As well as duplicate structures, Fearon said he "had difficulty" with calls to invite, as full participants to the Lambeth conference, people "who are clearly not members of the Communion", and for calls to boycott the conference because of the disagreements with other provinces.
Primate Beach addressed this saying, "I did transfer out of a revisionist body (The Episcopal Church) that had left the teaching of the Scriptures and the Anglican Communion and I became canonically resident in another province of the Anglican Communion. I have never left.
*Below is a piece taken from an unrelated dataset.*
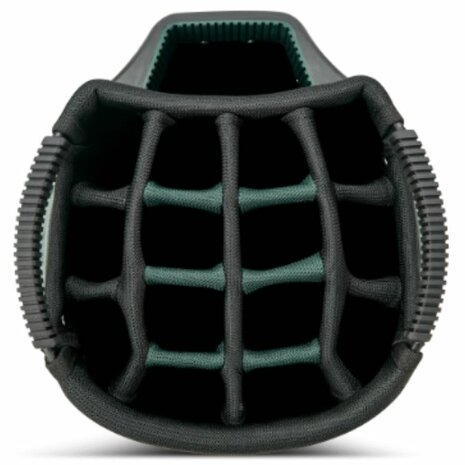 Big Max Aqua Sport 360 Cartbag Forest Green Olive Off White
For the Anglican Church in North America to be treated as mere "observers" is an insult to both our bishops, many of whom have made costly stands for the Gospel, and the majority of Anglicans around the world who have long stood with us as a province of the Anglican Communion."
https://www.virtueonline.org/acna-archbishop-calls-welbys-invitation-lambeth-2020-observer-insult
Fearon said the Global Anglican Fellowship of conservative Provinces had been acting increasingly independently in recent years.
Idowu-Fearon told ACC members that the last three years have "opened my eyes to see a major problem within our communion: ignorance."
"And then there is ignorance as a result of lack of knowledge," Idowu-Fearon said, adding that "within a good number of our theological colleges and seminaries, Anglicanism is not even taught; where it is taught, it is not Anglicanism, it is self-made Anglicanism." Different provincial contexts mean that "Anglicanism has many faces, but there are basic things," he said, particularly Anglican ecclesiology, meaning the Anglican understanding of the church.
"This is one the major reasons for the crisis we are facing today within this communion," the Secretary-General said.
Fearon painted a dire ecclesiastical and financial picture of the communion. He castigated provinces that were able to contribute to the Communion's finances, but were being "financially irresponsible". Nearly two-thirds of the Communion's budget comes from just two Provinces: England (41 per cent), and the United States (22 per cent), he said.
A warning of schism
Idowu-Fearon warned about a possible schism in the Anglican Communion as he discussed GAFCON, the 11-year-old organization formed in 2008 when "moral compromise, doctrinal error and the collapse of biblical witness in parts of the Anglican Communion" had reached a critical level.
The Secretary General told the ACC "the question is how should we respond to GAFCON?"
He balanced a warning of "schism" with stories which he said showed that "growth within the communion is very exciting." The latter included "hundreds" of converts in Ethiopia and Algeria, a program of evangelism and spiritual renewal in Melanesia, and an increase in young people joining the Church of England.
"Don't let anybody deceive you that, because of our crisis, the spirit of the Lord is not moving," he said. "The spirit of the Lord is moving even more because of the crisis. I believe it will move even more if we're able to get focused on discipleship."
He said Welby is working with "the members of his team" to find "a way out of this dilemma." However, he asked for the ACC's help "to prevent a schism within our communion."